Sikuru Hathe (සිකුරු හතේ Translation: Venus at 7th place of the horoscope) is a 2007 Sri Lankan Sinhala comedy film directed by Giriraj Kaushalya and produced by Hans Anton Vanstarex for New Imperial Talkies. The music was composed by the musician Tharpuathi Munasinghe. It stars Vijaya Nandasiri, Anarkali Akarsha and Suraj Mapa in lead roles along with Rodney Warnakula and Susila Kottage. Music composed by Tharupathi Munasinghe, and songs composed by Rohana Weerasinghe and Navaratne Gamage. It is the 1092nd Sri Lankan film in the Sinhala cinema. One of best comedy films ever produced in the country, Sikuru Hathe became the highest-grossing film in 2007 and won many awards at several local film award ceremonies.
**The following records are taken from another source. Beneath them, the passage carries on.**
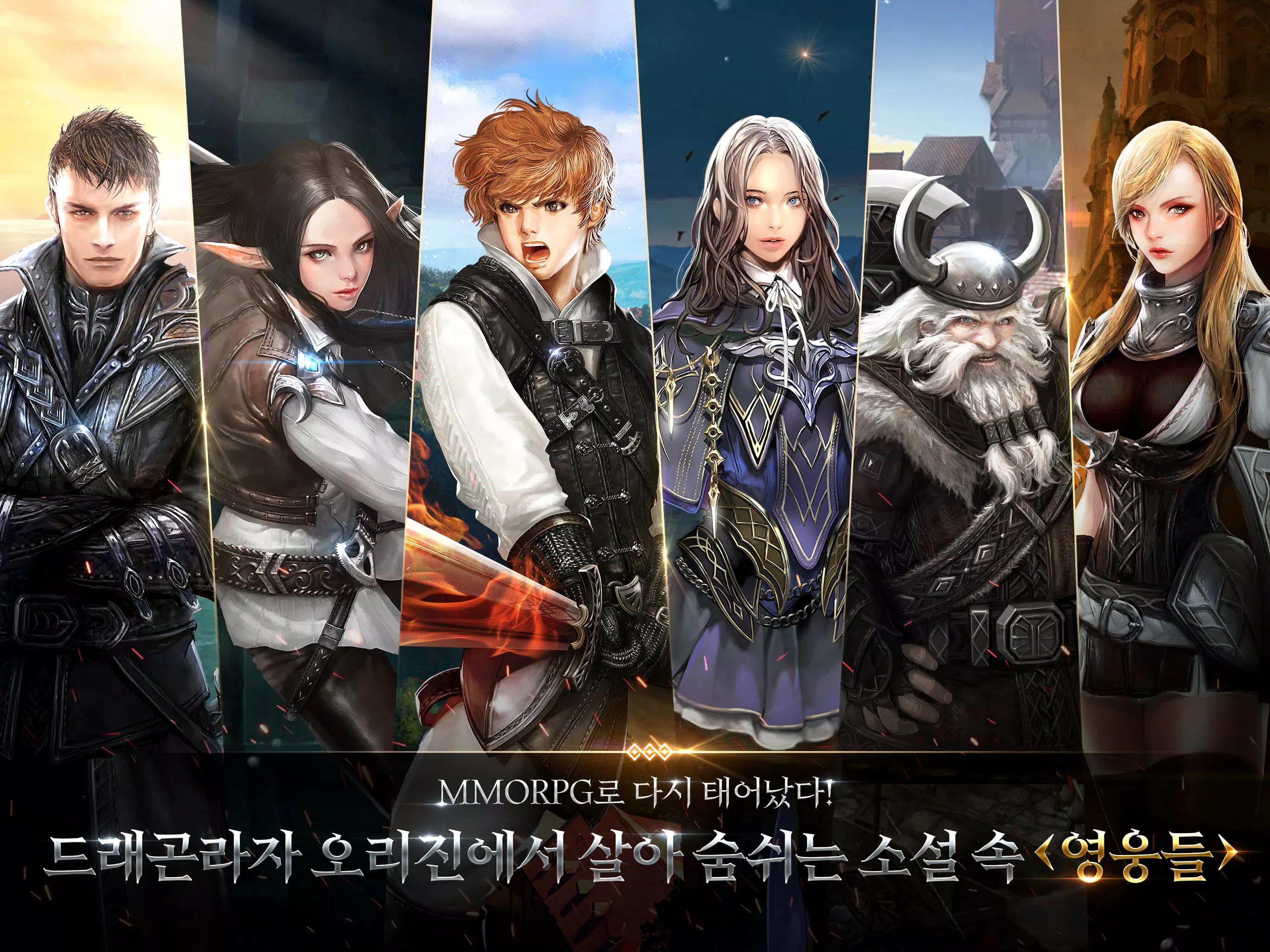 드래곤라자 오리진:국산 MMORPG应用截图第1张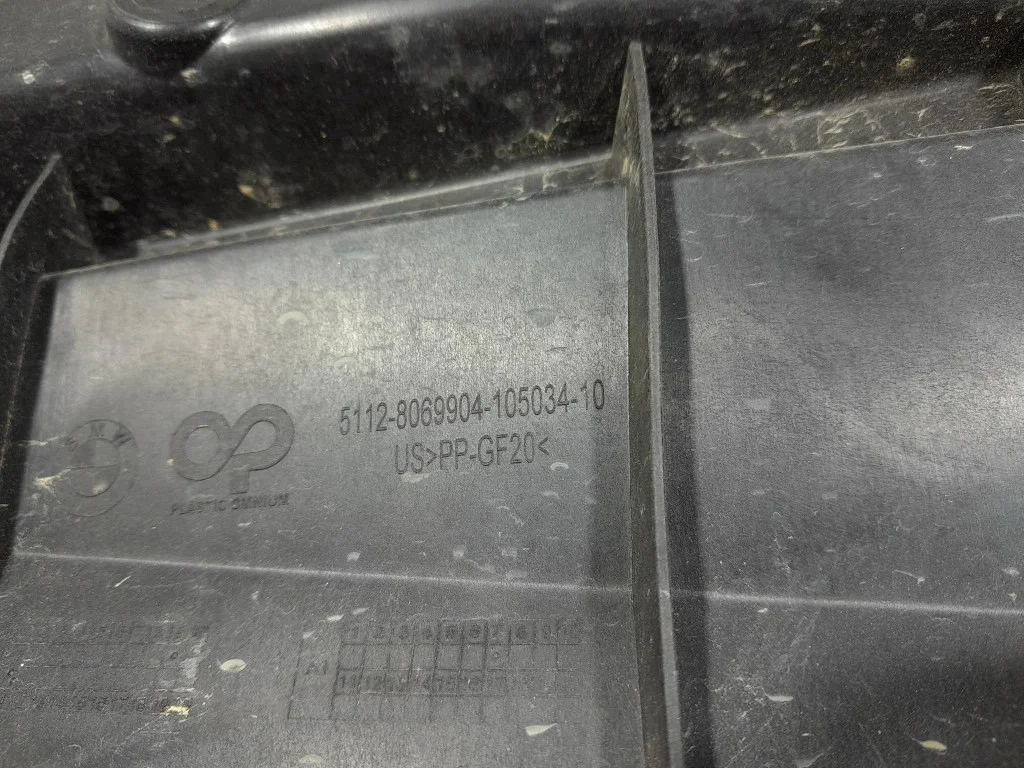 BMW X7 G07 Rear Bumper Bracket Right M Pkg image 3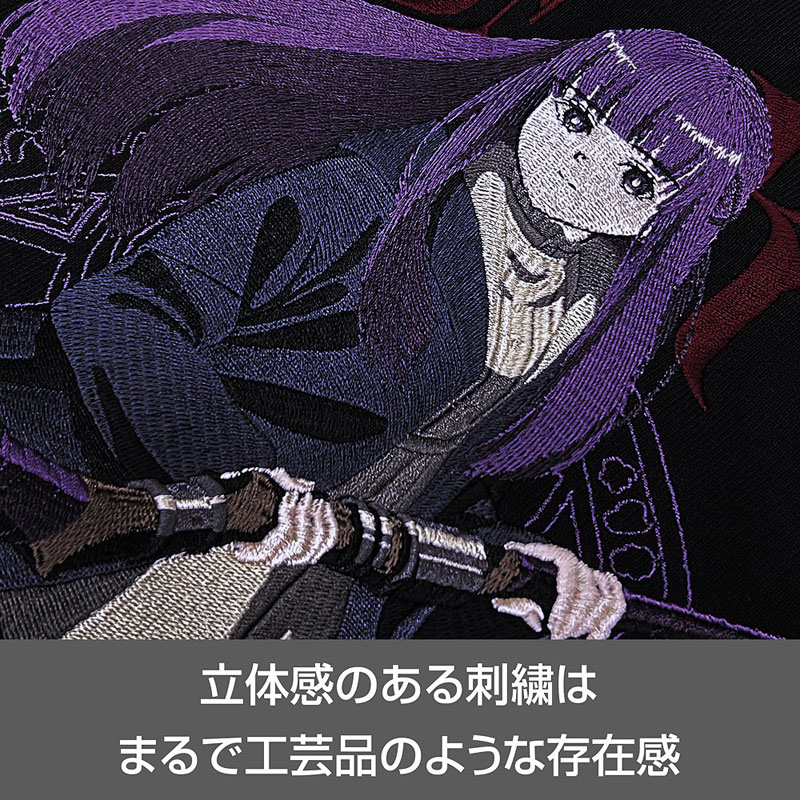 COSPA Depo Exclusive Frieren: Beyond Journeys End Fern Embroidery Zip Hoodie(Pre-order)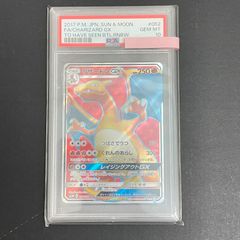 PSA10 リザードンGX SR SM3H 闘う虹を見たか 052/051 - メルカリ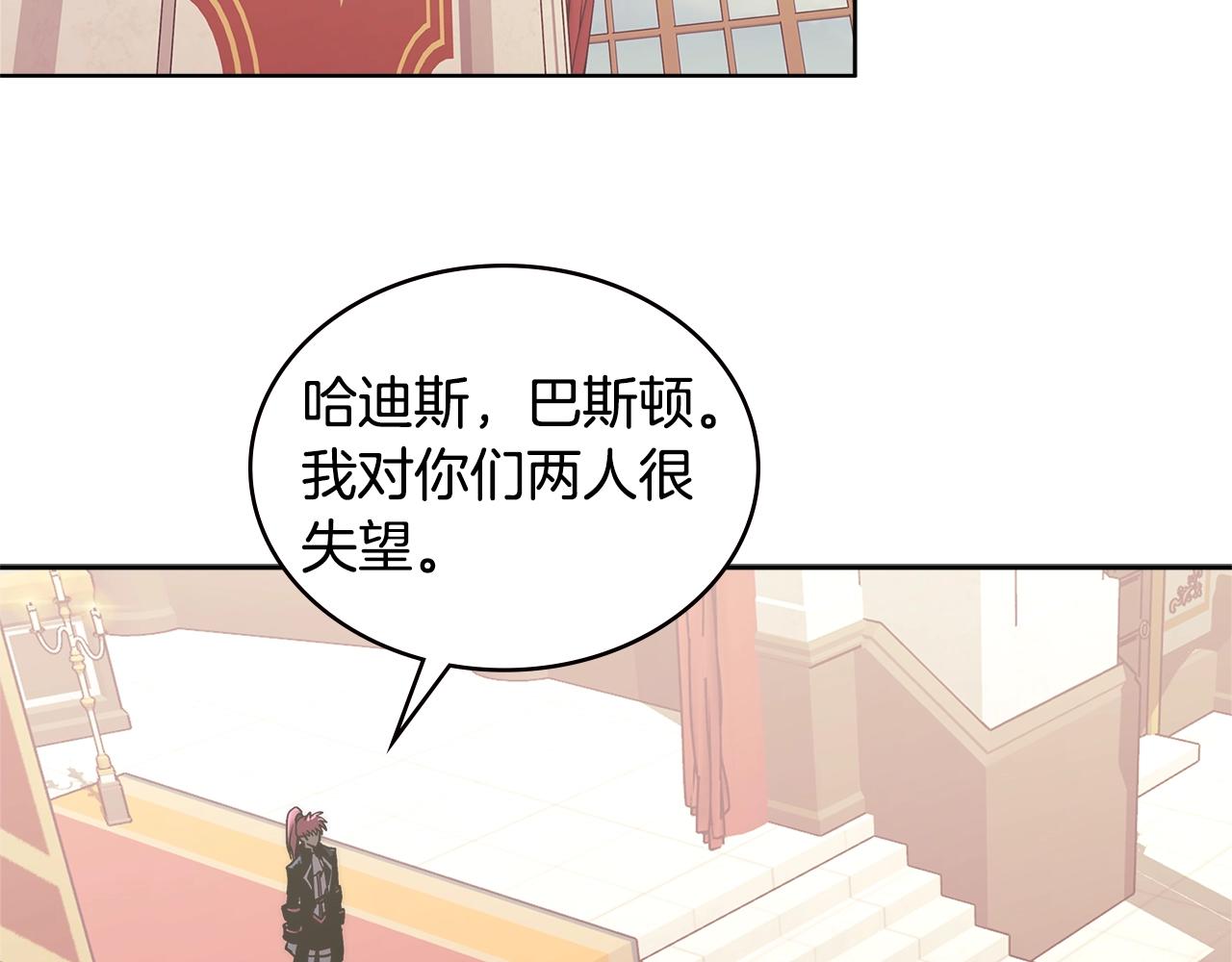 第4季第60话 激怒99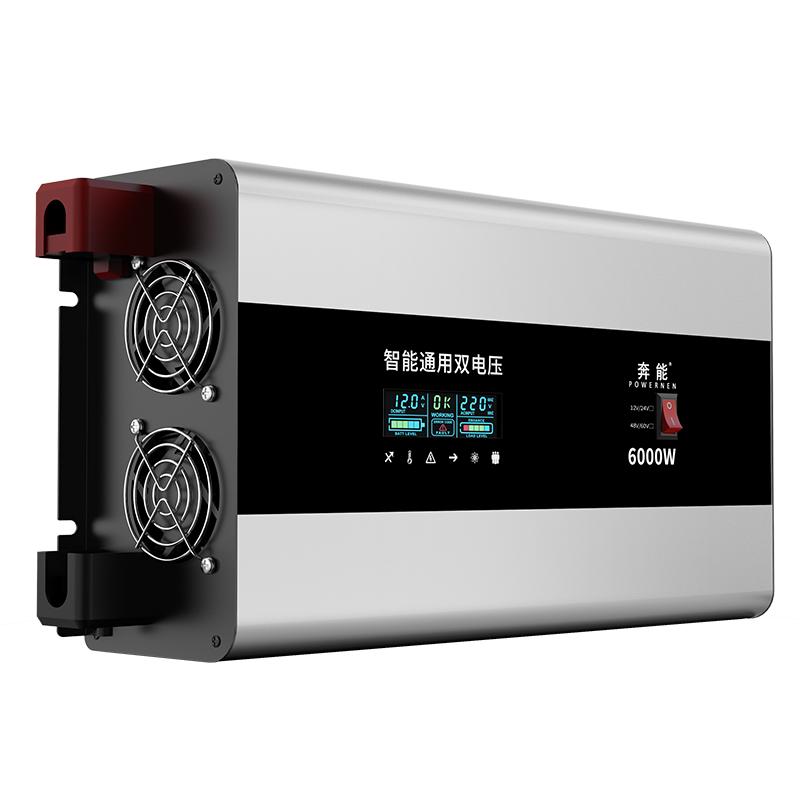 纯正弦波逆变器大功率12V24V48V转220V电动车载家用大货车转换器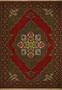 2'5 x 4' Persian Qum Kork Rug 1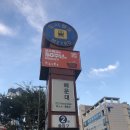 시외버스터미널 앞 2 이미지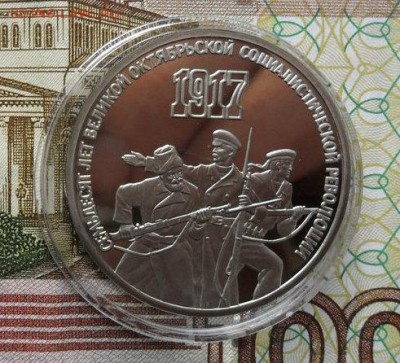 3руб. 70лет В.О.С.Р. Пруф.Окончание: 5.12.2018г - crop_187190823_Wdyh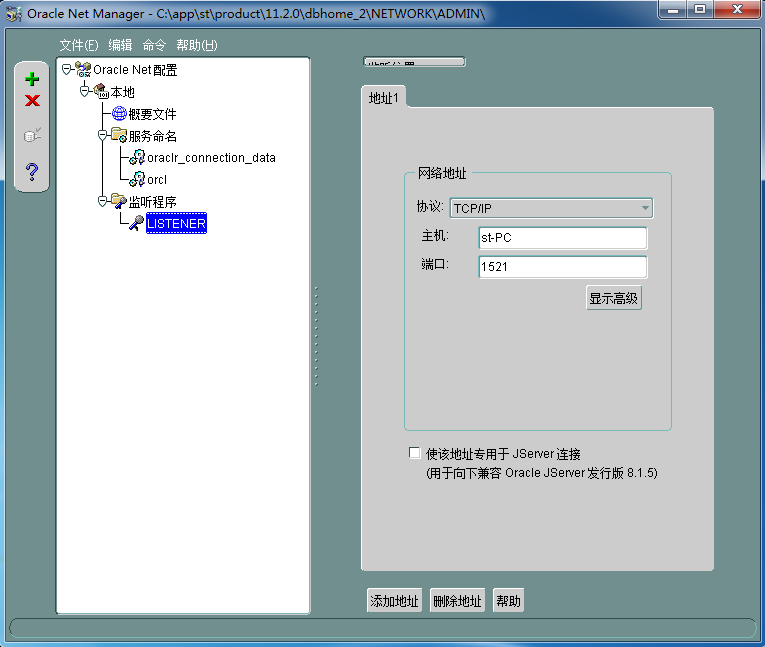 Io 异常 The Network Adapter could not establish the connection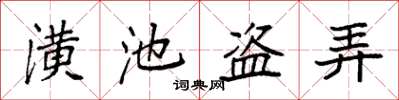 袁强潢池盗弄楷书怎么写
The film earned a record collection of Rs. 26 million for 31 days with nearly 300,000 patrons in 25 cinema theaters across the country. It collected Rs. 50 million with 500,000 patrons on October 30 completes 75th day.

==Plot==
The story revolves around the match-maker Mangala Jaya (Vijaya), who is a poor, but kind hearted person with a single daughter. A series of hilarious incidents went through the plot, and though he is a match-maker, he fails to find a good boy to his young daughter. At last, his daughter was able to find the soul mate.

==Cast==
- Vijaya Nandasiri as Mangala Jaya - the match-maker
- Anarkali Akarsha as OIC's daughter
- Suraj Mapa as Vidyartha
- Himali Sayurangi as Samanmali
- Rodney Warnakula as Sirimal
- Priyantha Seneviratne as Transgender 1
- Anton Jude as Transgender 2
- Susila Kottage as Mangala Jaya's wife
- Hemantha Iriyagama as Police Sergeant Ariyapala
- Tony Ranasinghe as OIC
- Iranganie Serasinghe as Vidyartha's granny
- Kumara Thirimadura as Carpenter
- Mihira Sirithilaka as Necklace thief
- Sarath Kothalawala as Tortured husband
- Veena Jayakody as OIC's wife
- Wasantha Wittachchi as Police constable
- Lalith Janakantha as Three-wheel driver
- Jeevan Handunetti as Wedding photographer
- Bandula Wijeweera as Harmonium player
- Lal Kularatne as Veteran bachelor
- Sarath Chandrasiri as Police constable
- Ananda Atukorale as Police constable
- Somasiri Alakolange as Vidyartha's grandfather
- Nilmini Kottegoda in uncredited role

==Soundtrack==

| No. | Title | Singer(s) | Length |
|---|---|---|---|
| 1. | "Nilata Nile Nil Kateta" | Kasun Kalhara, Uresha Ravihari |  |
| 2. | "Samanmali Mage Mali" | Rodney Warnakula |  |
| 3. | "Ira Handa Depase Nam" | Sunil Perera, Bandula Wijeweera |  |

==Awards==
- 2007 SIGNIS Award for Best Actor - Vijaya Nandasiri
- Most Popular Actor - Sarasaviya Awards
- 2007 Sarasaviya Award for Best Up-coming actress - Himali Sayurangi
- 2007 Sarasaviya Award for Best playback singer - Kasun Kalhara
- 2007 Sarasaviya Merit Award - Hemantha Iriyagama

==Re-release==
After its huge popularity in 2007, the director Giriraj Kaushalya discussed about the re-release of the film. With that initiation, the film was re-released at the MPI, LFD and Tharu circuit cinemas on 4 February 2010.